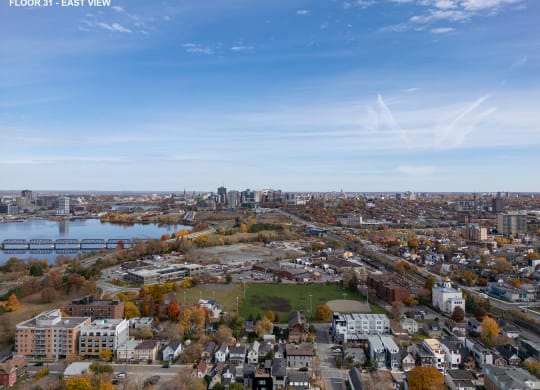an aerial view of the city of east vancouver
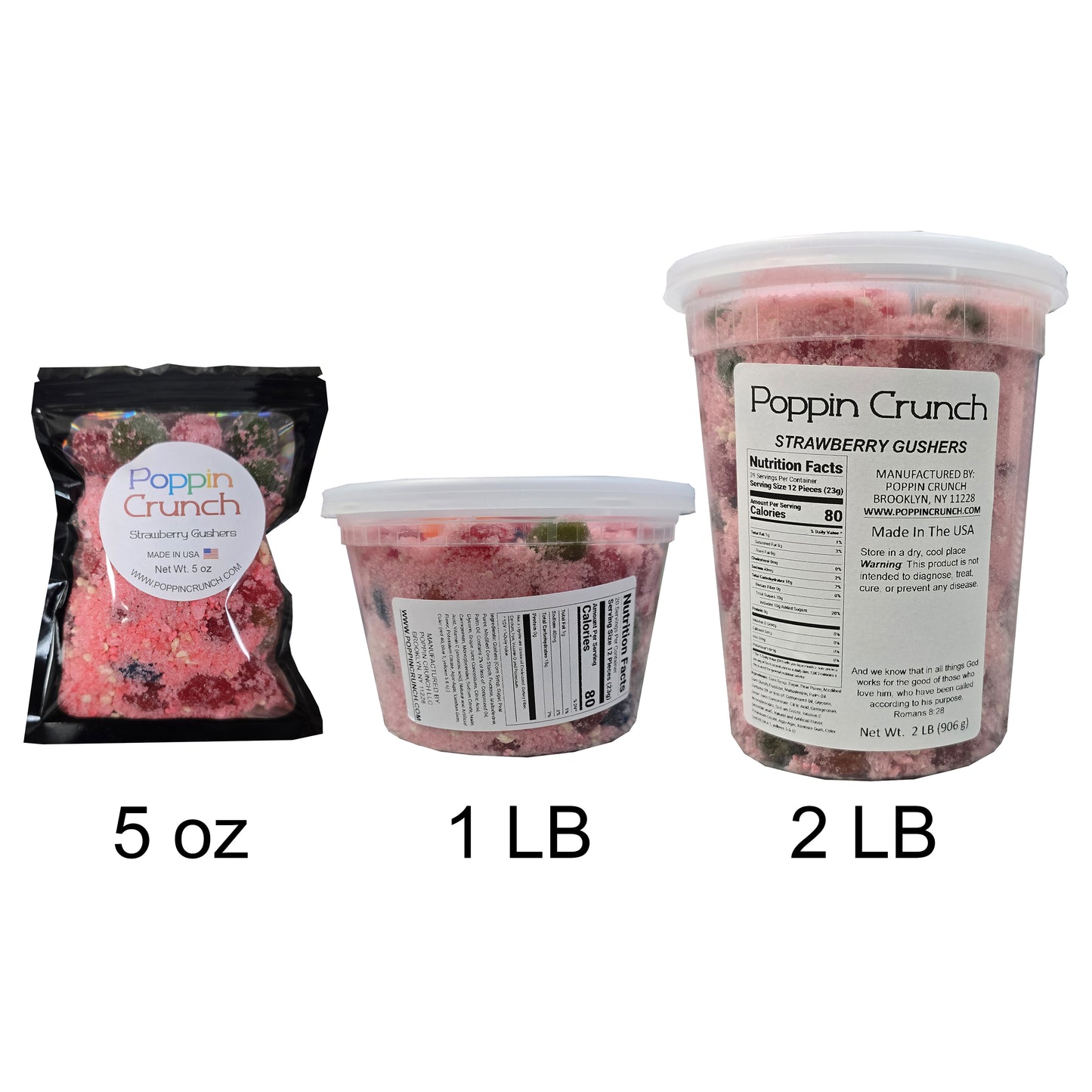 Poppin Crunch Strawberry Gushers Candy Snacks 1 - 2 LBS - Choice of Sweet or Sour Bonbon Candies Corn Sugar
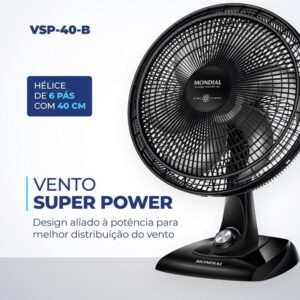 Ventilador Mesa Super Power 127V 40CM Pto - Imagem 2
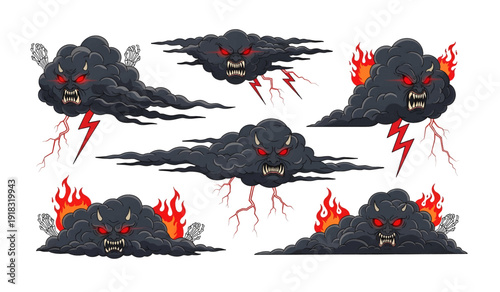 Volcanic Eruption with Lightning and Fire.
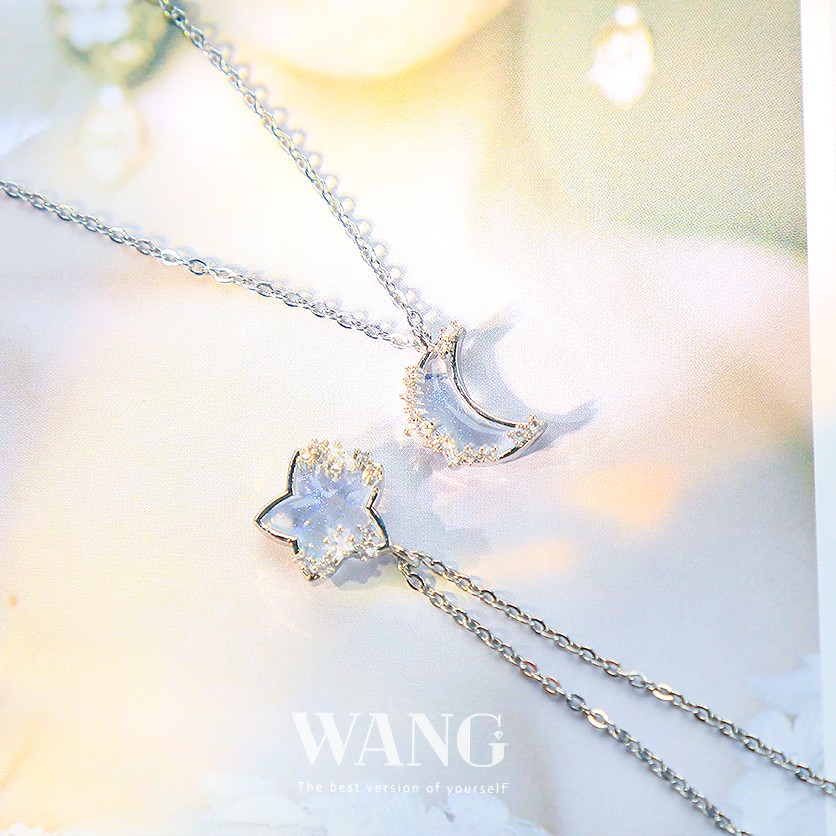 Wj สร้อยคอไทเทเนียม ชุบทอง 18k จี้รูปดวงจันทร์ เพทาย เครื่องประดับแฟชั่น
--*--
(Action item) Everything in the data except the pictures must appear in your answer unchanged.

(Finished exercise)
an aerial view of the city of east vancouver
 Poppin Crunch Strawberry Gushers Candy Snacks 1 - 2 LBS - Choice of Sweet or Sour Bonbon Candies Corn Sugar
 Ventilador Mesa Super Power 127V 40CM Pto - Imagem 2
 Volcanic Eruption with Lightning and Fire.
 Wj สร้อยคอไทเทเนียม ชุบทอง 18k จี้รูปดวงจันทร์ เพทาย เครื่องประดับแฟชั่น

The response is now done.